(Your task): Each line below from the one containing "PhillipHewitt89's tweet photo." through the one containing "Huxbear Vineyard" should be output exactly as it stands, and no other line should appear.

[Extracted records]
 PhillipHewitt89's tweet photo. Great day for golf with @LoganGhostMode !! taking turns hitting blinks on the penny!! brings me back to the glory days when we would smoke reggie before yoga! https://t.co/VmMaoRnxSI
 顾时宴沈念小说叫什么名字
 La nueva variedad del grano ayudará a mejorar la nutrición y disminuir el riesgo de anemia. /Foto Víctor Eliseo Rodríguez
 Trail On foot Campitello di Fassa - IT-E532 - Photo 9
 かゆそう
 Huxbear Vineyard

--

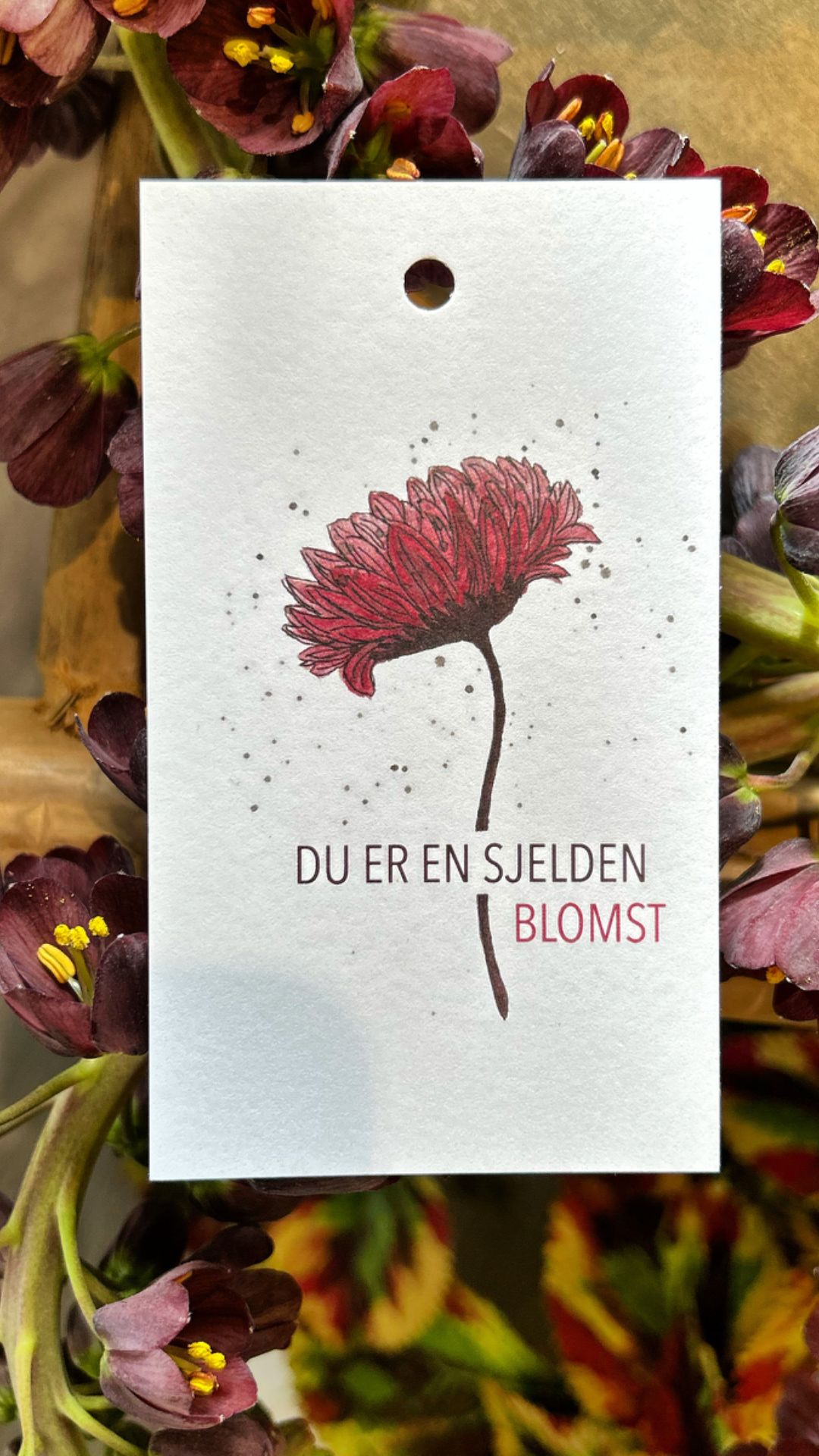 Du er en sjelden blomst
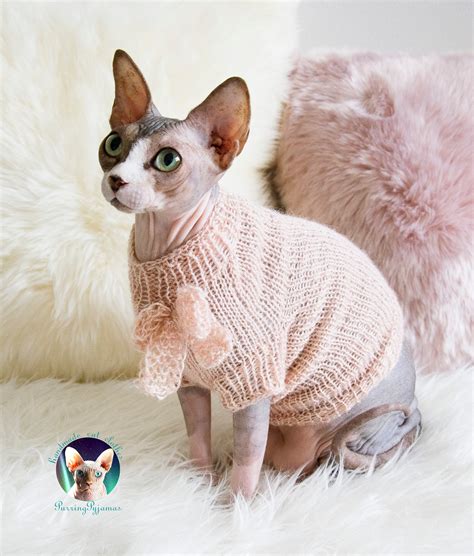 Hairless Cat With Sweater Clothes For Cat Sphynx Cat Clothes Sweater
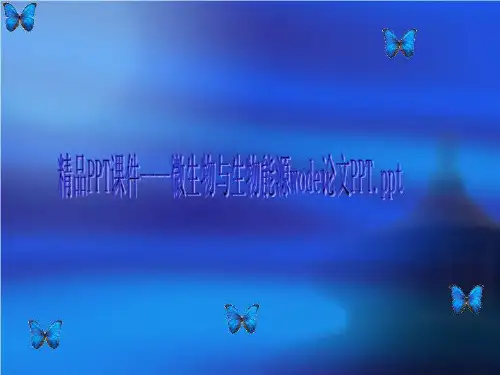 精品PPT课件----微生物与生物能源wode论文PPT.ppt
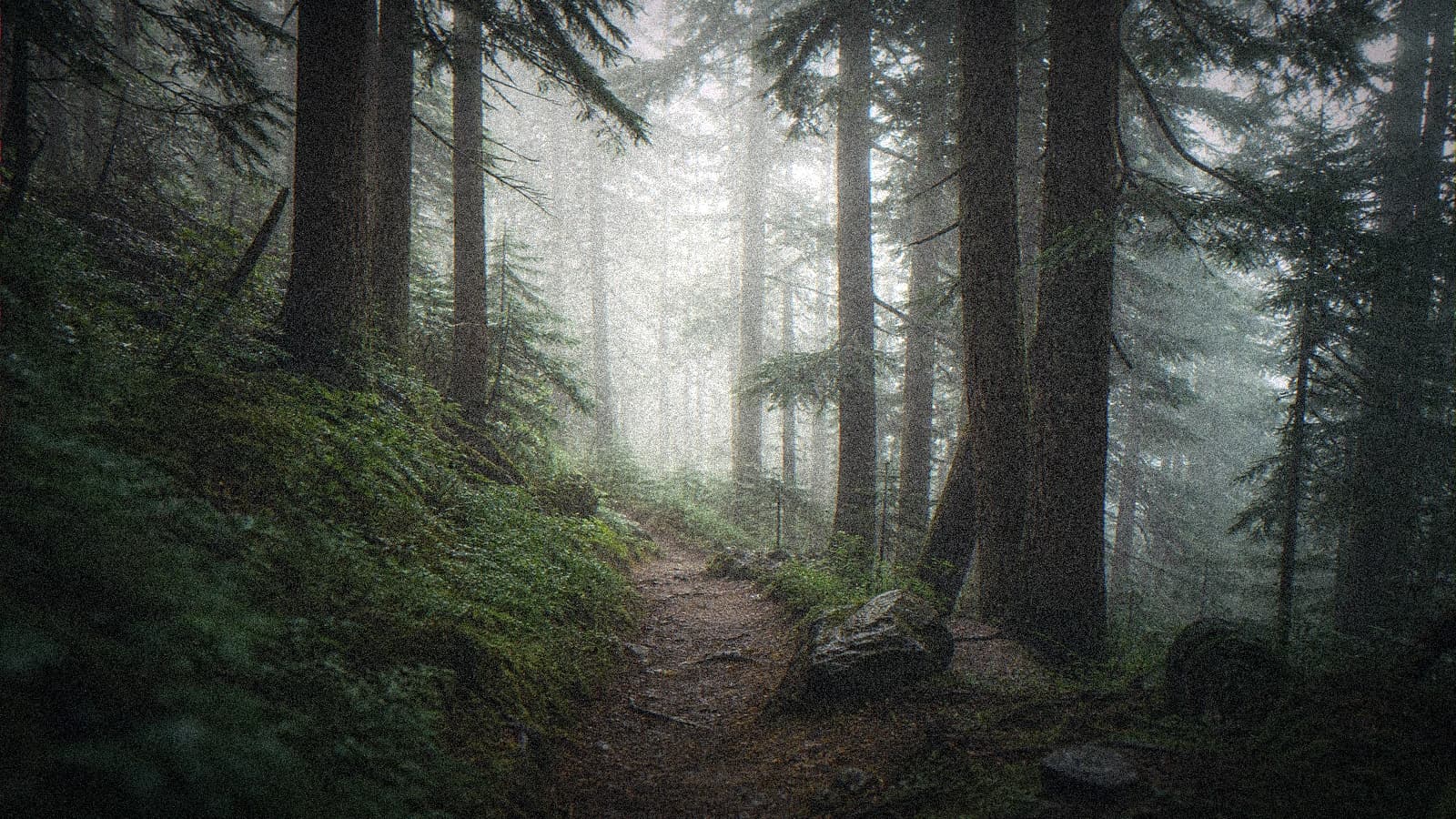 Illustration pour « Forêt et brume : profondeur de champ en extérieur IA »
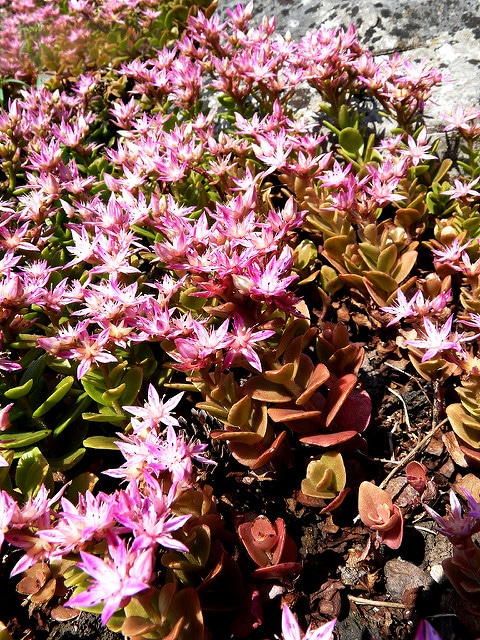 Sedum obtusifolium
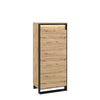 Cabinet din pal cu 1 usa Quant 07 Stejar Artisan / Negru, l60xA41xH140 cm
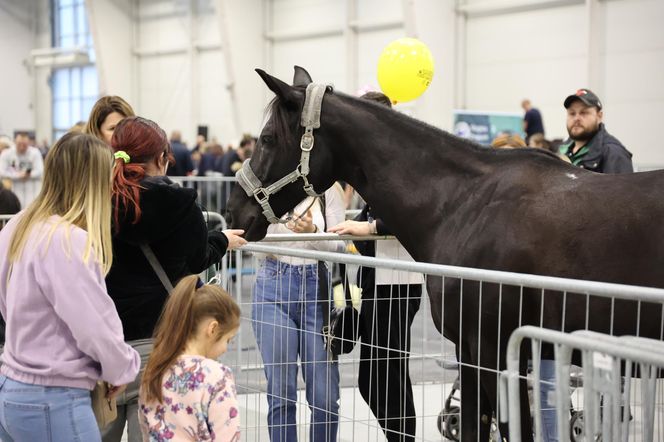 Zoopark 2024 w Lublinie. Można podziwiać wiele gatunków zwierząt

(Answer section):
 PhillipHewitt89's tweet photo. Great day for golf with @LoganGhostMode !! taking turns hitting blinks on the penny!! brings me back to the glory days when we would smoke reggie before yoga! https://t.co/VmMaoRnxSI
 顾时宴沈念小说叫什么名字
 La nueva variedad del grano ayudará a mejorar la nutrición y disminuir el riesgo de anemia. /Foto Víctor Eliseo Rodríguez
 Trail On foot Campitello di Fassa - IT-E532 - Photo 9
 かゆそう
 Huxbear Vineyard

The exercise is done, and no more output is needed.